The Role of Neighborhood Newspapers

Both editors share a similar view regarding the role of neighborhood newspapers, namely that neighborhood newspapers exist to provide relevant information about the neighborhood to the people living in it. “We don’t leave our neighborhood,” Paul says, “we just do neighborhood stories about neighborhood people and businesses.” Len describes the Grapevine as a “mouthpiece for the community, a place to gather together issues that matter to local people.”

The information Paul and Len traditionally offer falls into several categories: politics, community figures, public works, history, and crime. Paul’s papers show a particular interest in local politics; he often runs articles on legislation that will affect the Richmond and Sunset districts, and he includes monthly columns written by the district supervisors. He’s even been known to write opinion pieces on local bills, though he does so in a careful way. “It’s always with my picture, it’s always a column and opinion by me. There’s no editorial opinion per se of the paper,” he says. “The hallmark of good journalism is to be fair. We try to talk to all stakeholders and get all points of view and let the people make up there own mind.” Len also espouses the importance of journalistic integrity. “I’ve got ethics,” he says, “I don’t try to influence, I just inform. I try to stay in the middle. I work to maintain balance.”

Both editors also cover local crimes, and acknowledge that the crime section attracts the largest audience. Len in particular covers crime extensively, dedicating more than a full page to it each month. “I want to scare the crap out of everybody,” he says, “so that they’ll be aware.” Paul’s crime section is smaller, but still carefully produced, and he runs a monthly column written by the local police captain when space permits.

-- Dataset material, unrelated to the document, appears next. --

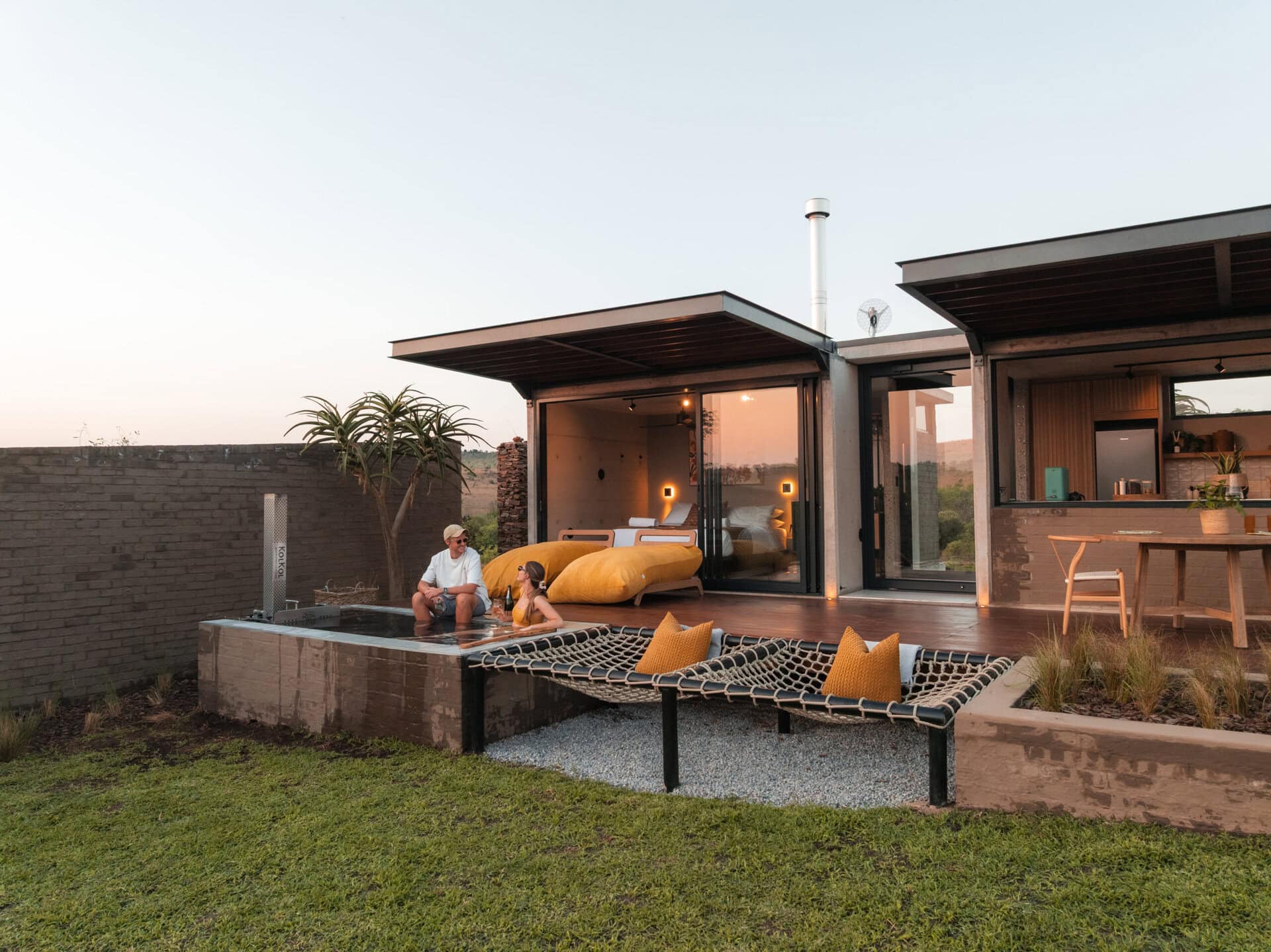 cabin collective valley pods Johannesburg cabin romantic getaway hot tub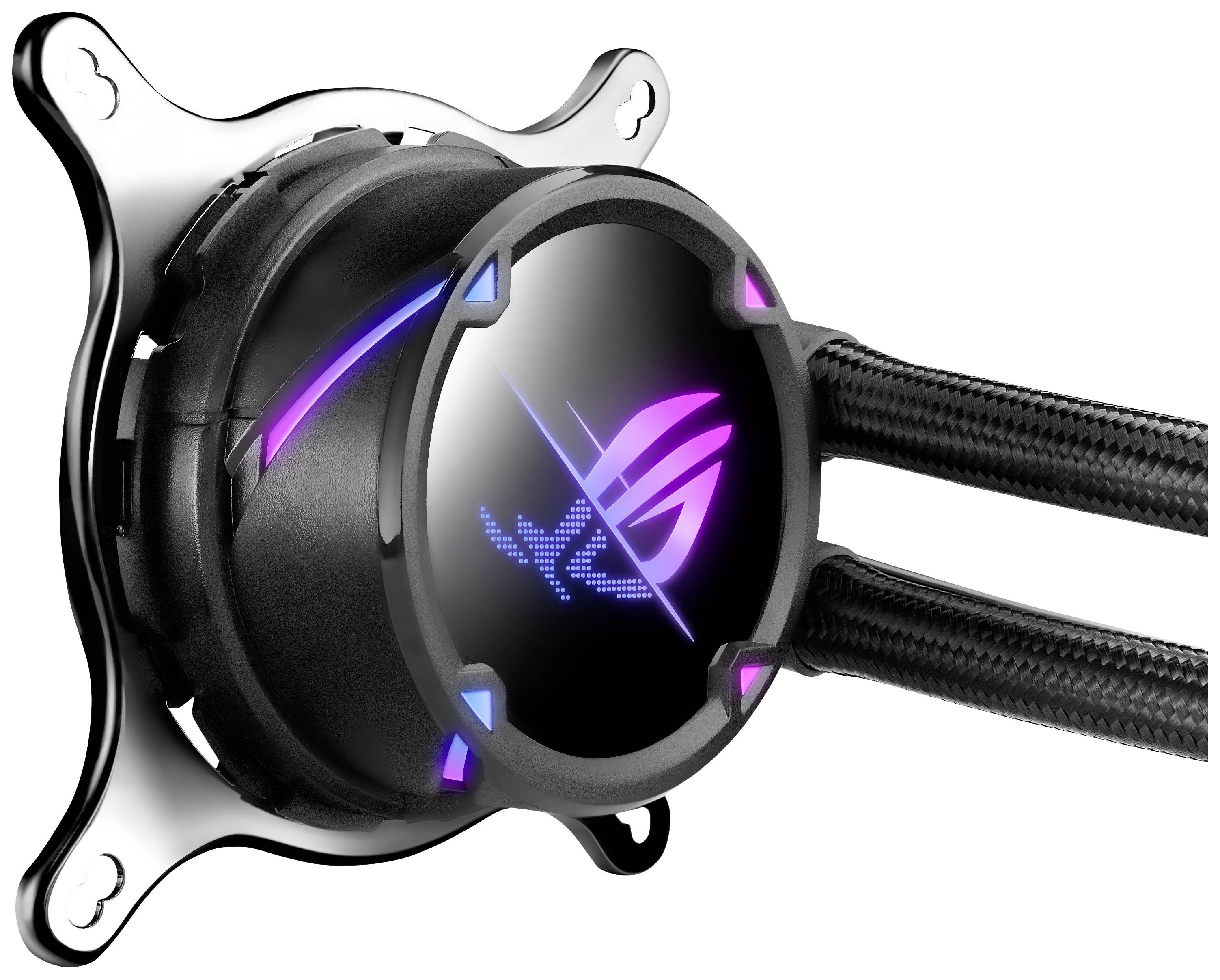 Flüssigkeitskühler mit schwarzem Gehäuse, RGB-Beleuchtung und zwei Kabeln, geeignet für den Einsatz in Computerprozessoren.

Another role that both editors ascribe to neighborhood newspapers is that of public forum. Community participation in the paper is encouraged. “The door is always open,” Paul says. “We’ve had probably hundreds of guest columns over the last twenty years.” He also allows the public to participate in other ways. “Sometimes it goes in the calendar. Sometimes it’s a short little round up for the Spotlight. Sometimes it’s a full story. Sometimes it’s freestanding, a picture with a caption… I like to let people express their own opinions in letters.” Len also happily accepts contributions from the public. “Don’t ever think your submission will bother me,” he says. “I am ecstatically grateful [for articles written by the public].”

A neighborhood paper can also serve as a representative of the community to people who don’t live in the local area. Len considers the Grapevine “an advertisement for Visitacion Valley.” He mails an issue to the city mayor every month, and thinks that the paper has helped to keep the neighborhood in the mayor’s mind. “The mayor visits Visitacion Valley a few times a year, and he recently put several million dollars [of public funding into local projects]. That was indirectly caused by the paper, and directly caused by the neighborhood activists.” Many of those activists use the Grapevine as a place to publish their views.

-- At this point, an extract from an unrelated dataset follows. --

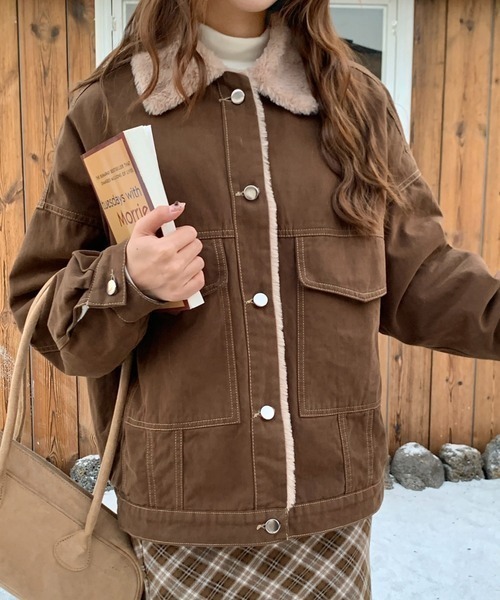 レディース ジャケット・ブルゾン LACーVERT ブルゾン アウター インナーファーデニムステッチブルゾン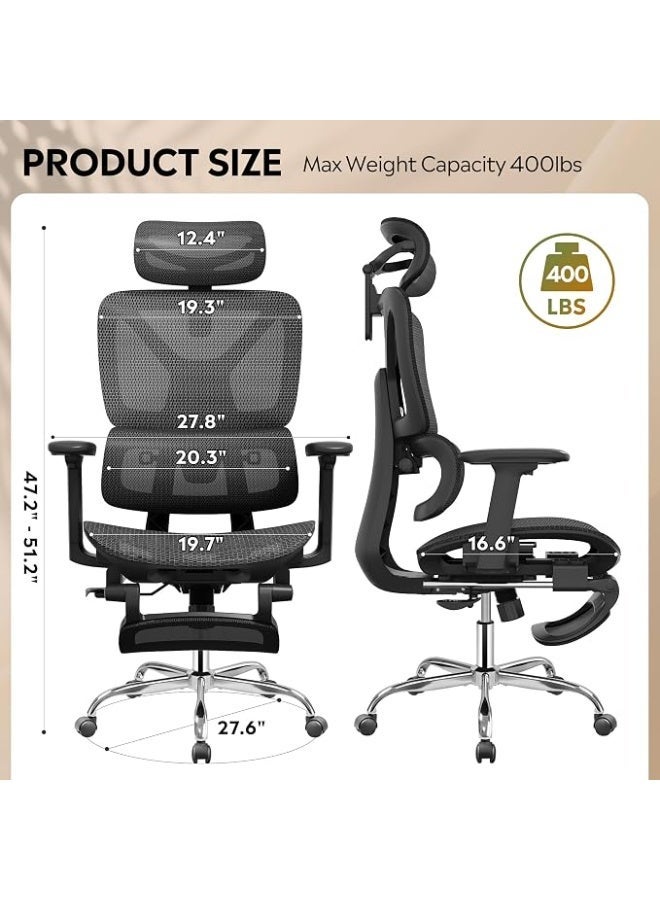 Comfortable office chair with a high mesh back and footrest, adjustable recline, headrest and lumbar support, SGS Class 4 gas lift, BIFMA certified, 181 kg load capacity, black - Image 3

Difficulties Neighborhood Newspapers Are Facing

The last several years have proven exceedingly difficult for people involved in the newspaper business. A July 2007 article in Business Week (“When do you stop the presses?”) listed the first half of that year as the worst time for American Newspapers since the Great Depression, and earlier this year Dean Singleton—CEO of MediaNews Group, which owns the Denver Post, San Jose Mercury News, and 55 other American dailies—gave a speech at the World Newspaper Congress that included the following dire statement: “In the future there will be two categories of newspapers: those that survive, and those that die.…By my estimate, as many as 19 of the top 50 metro newspapers in America are losing money today, and that number will continue to grow.” Perhaps the most shocking example of a paper in the red is the San Francisco Chronicle, owned by the Hearst Corporation. In early 2007 the Chronicle’s Chief Legal and Business Development Officer James M. Asher admitted that the paper’s losses totaled $330 million during the time period starting in mid-2000 and ending in September 2006—that’s more than one million dollars a week.

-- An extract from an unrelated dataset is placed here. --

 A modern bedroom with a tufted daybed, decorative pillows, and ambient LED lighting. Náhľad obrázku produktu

The larger metro papers aren’t the only ones suffering. In the last year two of the SFNNA papers—the SF Downtown and the San Francisco Bay View—have stopped printing, and many of the other papers are also feeling the pinch. I asked Len about the Grapevine’s current difficulties, and he attributed them to rising costs, including an 8% increase in newsprint costs, and soaring gas prices, which affect distribution. “It’s a money-losing venture,” he says, estimating those losses average $400 a month. “The Grapevine hasn’t turned a profit since… January 1995. I’m fortunate enough that I have other means of income. I don’t get paid; I do the paper as a hobby.” In order to minimize costs, Len has learned to cut corners every way he can. “I print in black and white, ‘cause color costs money, and I do all the distribution myself. The printing is the only real cost.”

Paul, on the other hand, says he hasn’t suffered from any recent economic hardships. “If anything we’re doing a little better after twenty years,” he says. “More people are discovering the association now. There’s less print choice. We have a strong niche.” Rather than trying to use that economic stability as a base for growth, Paul has chosen to keep things the way they are. “I have everything just the way I like it. Two twelve-pagers is fine, it’s enough money to support my family and pay my mortgage. You don’t do this to get rich. I could make a lot more money working for the Chronicle, but I wouldn’t be serving my community. A lot of this is public service, you know.”

Given the recent hardships facing the newspaper business, some economists have begun advocating a transfer to web-based publication. When I asked Len and Paul whether they’d ever consider ceasing to print their papers, and instead relying on the internet, they both scoffed at the idea. “The advantages [of print] are huge,” Paul says. “You want something you can clip out and put on the refrigerator.” Len believes that the internet would be incongruent with his audience. “Old people don’t go online,” he says, “they want to sit down with the paper, slap it around, hold it up and say ‘have you seen this?’”

Even so, both Paul and Len maintain web sites, though those sites are admittedly pretty primitive. Len refers to the Grapevine’s online presence as “that pile of crap,” and he mainly uses it as an archive for older articles. Although he admits he’d like to “jazz it up,” he generally spends less than an hour and a half a month working on keeping it updated. As for Paul, he sees his web-efforts mainly as a public service. “I’ve never made a dime on that, I’ve never tried. But… if you don’t get it delivered you can go online and get it.”

Motivations to Keep Going

Len is intimately familiar with the economic difficulty of running a paper. Paul says he makes a comfortable living, but admits he could make more money elsewhere. And yet both of these editors have given decades of their lives to neighborhood news. I asked about the motivation behind their continued efforts, and received some surprisingly compelling answers.

“Imagine you’re walking down the street with fresh copies of this month’s paper under your arm,” Len says, “and people are running up to you for a copy. ‘Hey, is that the new Grapevine?’” Len, who personally drops off new copies of the paper in the local businesses and hand delivers each month’s issue to subscribers, enjoys the chance to catch up with friends. “I’m still in Visitacion Valley because I’ve met so many nice people there.”

Paul sees that desire to serve the community as a common, and admirable, trait amongst neighborhood newspaper editors. “A lot of us are doing it for our love of our communities, for our neighborhoods, and not so much for the money, as is evidenced by how many people are struggling to make it… It’s kind of a special breed, and a small club. I’m really happy and proud to be working with the editors and publishers, the neighborhood press.”